Sales & Profit Forecast Calculator

Model your future sales, revenue, and profit based on your growth rate.

How to Interpret Your Forecast

High Growth / Profit

Strong Model. Your unit economics (price vs. cost) are solid, and your growth compounds quickly. This is a very healthy sign.

Low Growth / Profit

Stable, but Slow. You are profitable, but growth is slow. Consider ways to increase your growth rate or improve your profit margin per unit.

Negative Profit (Loss)

Warning. Your Unit Cost is higher than your Unit Price. Growth will only make you *lose* money faster. You must fix your pricing or costs.

How This Forecast Works

This calculator uses a model of **compounding monthly growth** to project your business’s future performance. It assumes that your units sold will increase by a fixed percentage each month.
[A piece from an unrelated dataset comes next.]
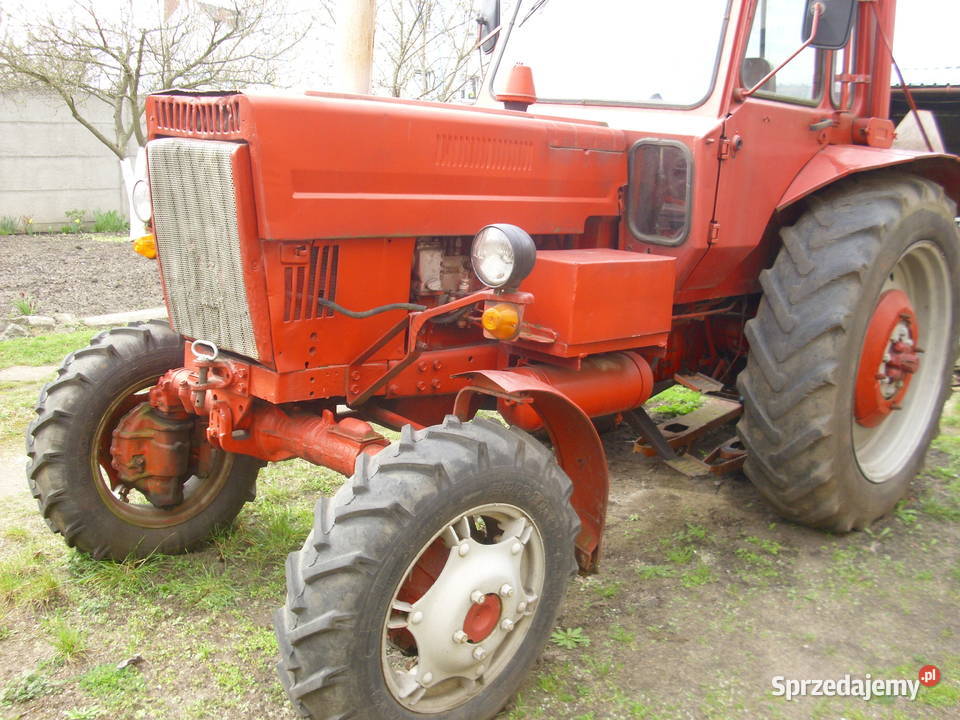 Ciągnik MTZ 82 Żary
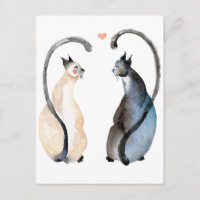 Zwei Katzen in Liebe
This method helps you visualize the powerful, exponential effect of a consistent growth rate and see how small changes in price, cost, or growth can lead to massive differences in your long-term profit.

Key Calculations

Units (Month 2) = Units (Month 1) * (1 + Growth Rate)

Revenue = Units Sold * Unit Price

Cost = Units Sold * Unit Cost

Profit = Total Revenue – Total Cost

Key Concepts

Understanding these terms is key:

  • Unit Price: How much you sell one item for.
  • Unit Cost (COGS): The *direct* cost to produce or acquire one item.
  • Contribution Margin: (Price – Cost). This is the profit you make on each unit sold.
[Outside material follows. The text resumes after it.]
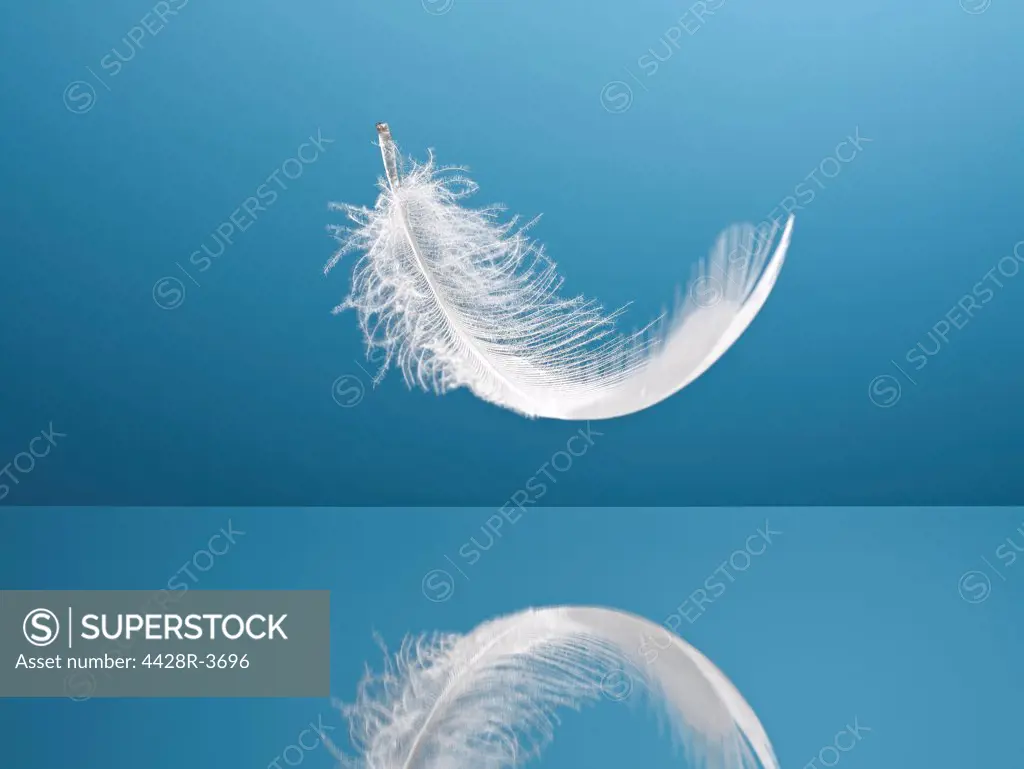 Feather floating over reflective surface,Studio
Frequently Asked Questions

What should I include in “Unit Cost”?

Only include your **Cost of Goods Sold (COGS)**. These are the *direct* costs of one unit.
• For a product: raw materials, manufacturing labor, packaging.
• For a service: software costs, direct labor for that client.

Do *not* include fixed costs like rent, marketing, or your own salary. This calculator is for modeling sales profit, not total business profit.
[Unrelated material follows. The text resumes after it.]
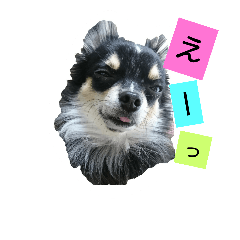 [LINEスタンプ] チワワのコロンくん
What is a “good” monthly growth rate?

This varies wildly. A venture-backed startup might aim for 10-20% *month-over-month* growth. A stable small business might be happy with 5-10% *year-over-year* growth (which is less than 1% per month).

A good starting point is to be realistic. A 5% monthly growth rate is strong and sustainable, doubling your business in about 14 months.